■ **Task**:
Using the data below, restate exactly every line from the one with "Elegant Long-Sleeve Muffler" up to and including the one with "Poster - Female". No picture belongs in it.

BEGIN Material supplied

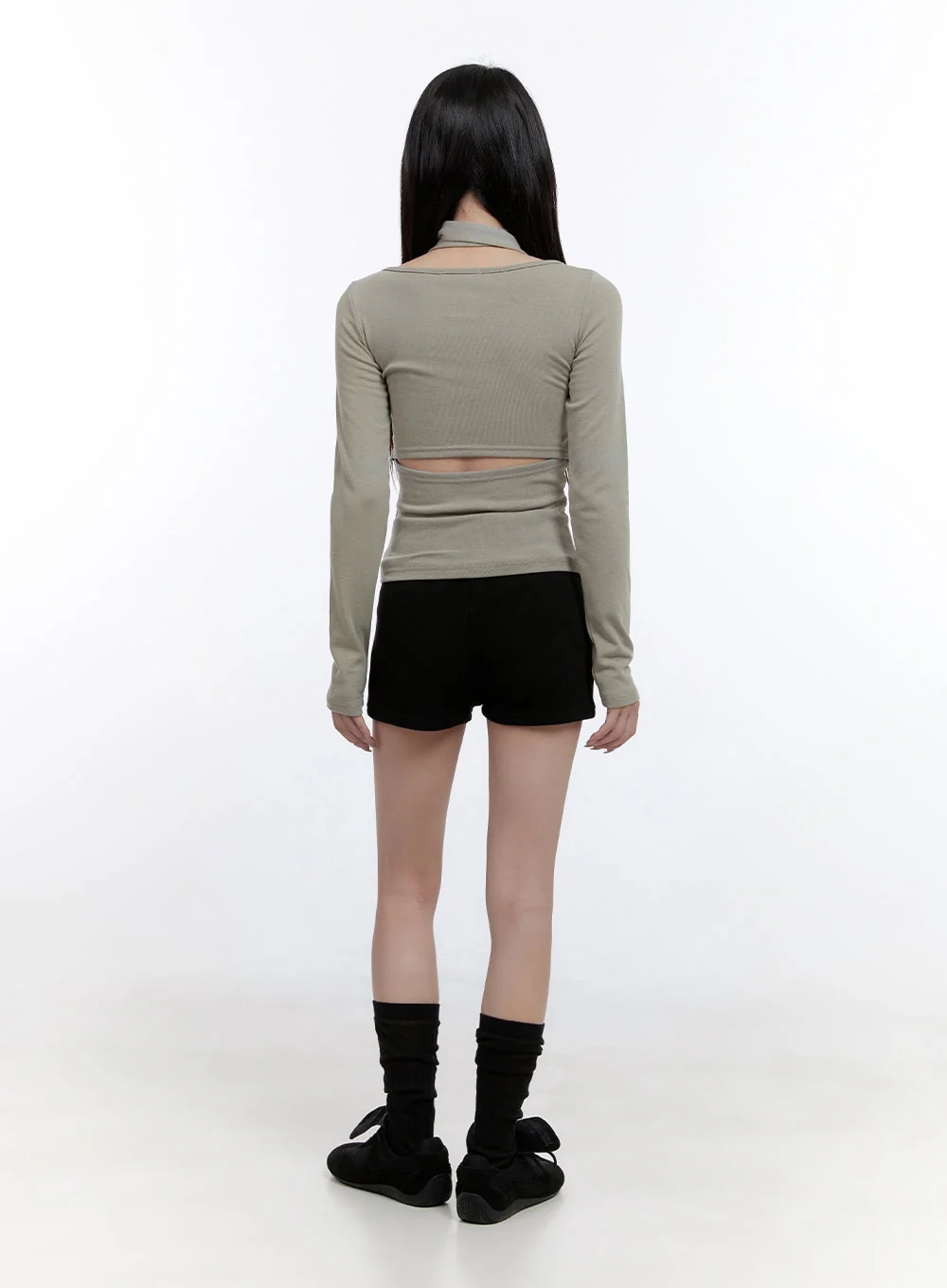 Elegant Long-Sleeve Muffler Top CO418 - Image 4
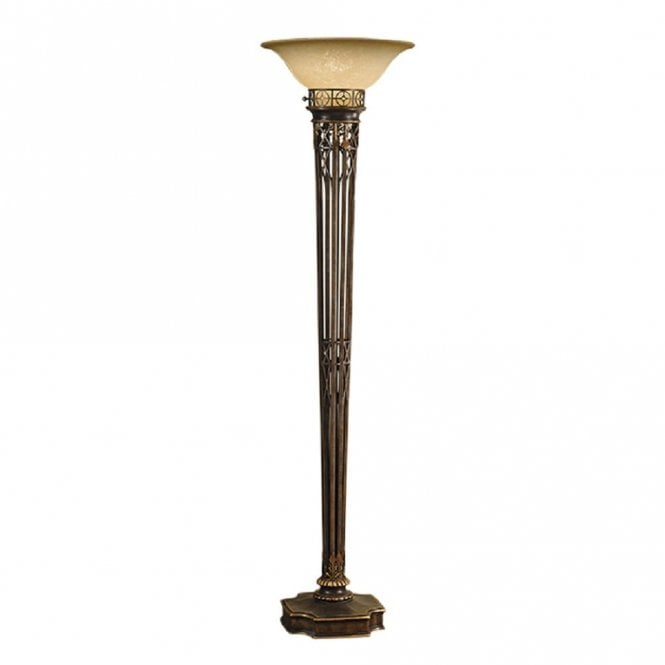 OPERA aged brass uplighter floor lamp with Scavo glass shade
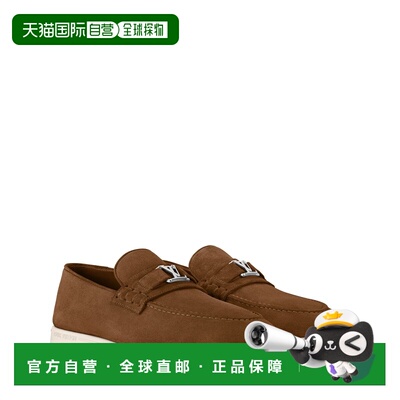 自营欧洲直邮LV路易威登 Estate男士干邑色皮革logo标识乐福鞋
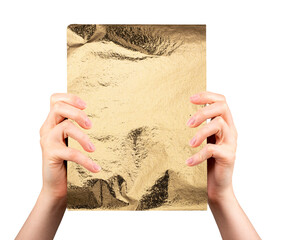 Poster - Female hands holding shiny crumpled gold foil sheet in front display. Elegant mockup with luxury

END Material supplied
BEGIN Material supplied

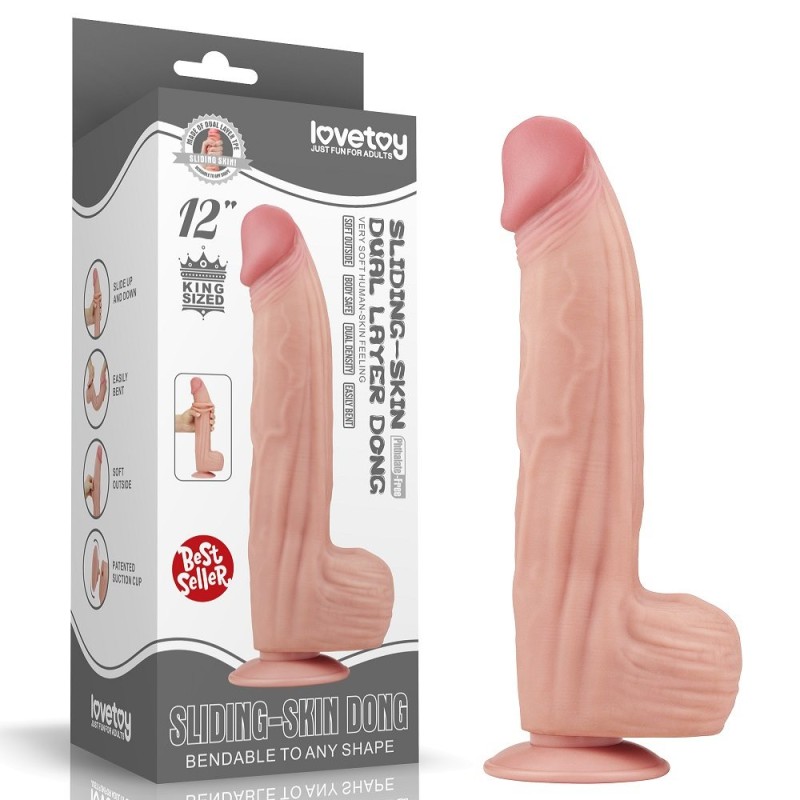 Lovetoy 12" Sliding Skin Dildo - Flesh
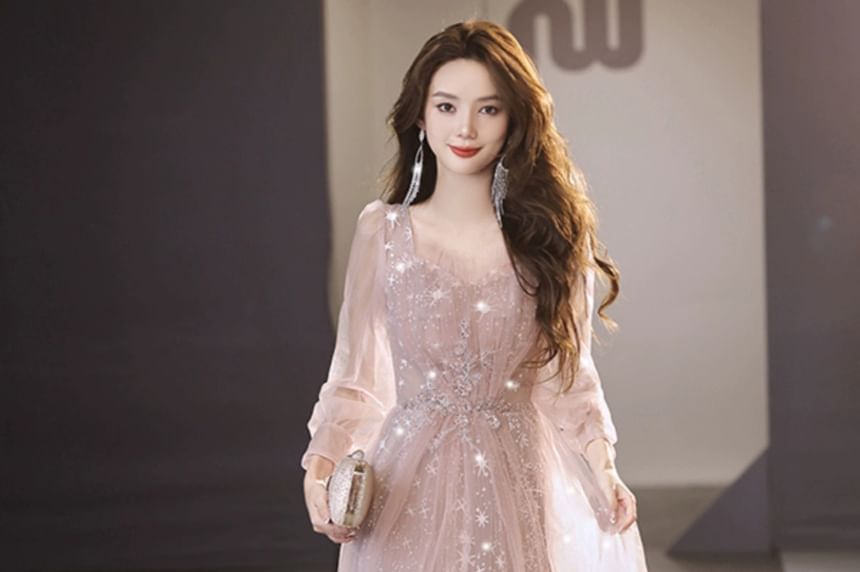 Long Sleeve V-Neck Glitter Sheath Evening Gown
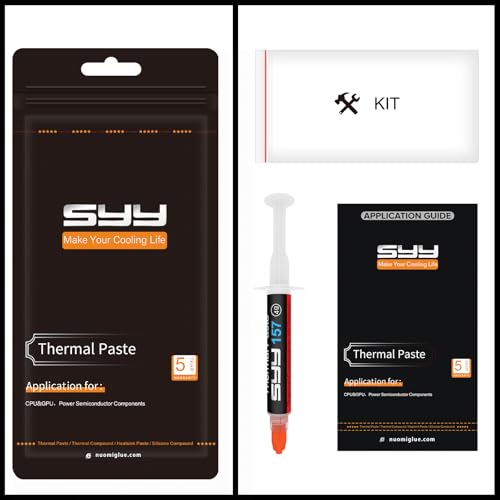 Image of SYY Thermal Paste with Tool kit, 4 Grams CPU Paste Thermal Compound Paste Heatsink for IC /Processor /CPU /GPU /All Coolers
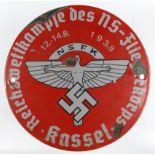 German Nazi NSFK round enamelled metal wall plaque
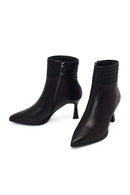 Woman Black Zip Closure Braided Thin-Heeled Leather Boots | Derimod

END Material supplied

■ **Answer to this problem**:
 Elegant Long-Sleeve Muffler Top CO418 - Image 4
 OPERA aged brass uplighter floor lamp with Scavo glass shade
 自营欧洲直邮LV路易威登 Estate男士干邑色皮革logo标识乐福鞋
 Poster - Female hands holding shiny crumpled gold foil sheet in front display. Elegant mockup with luxury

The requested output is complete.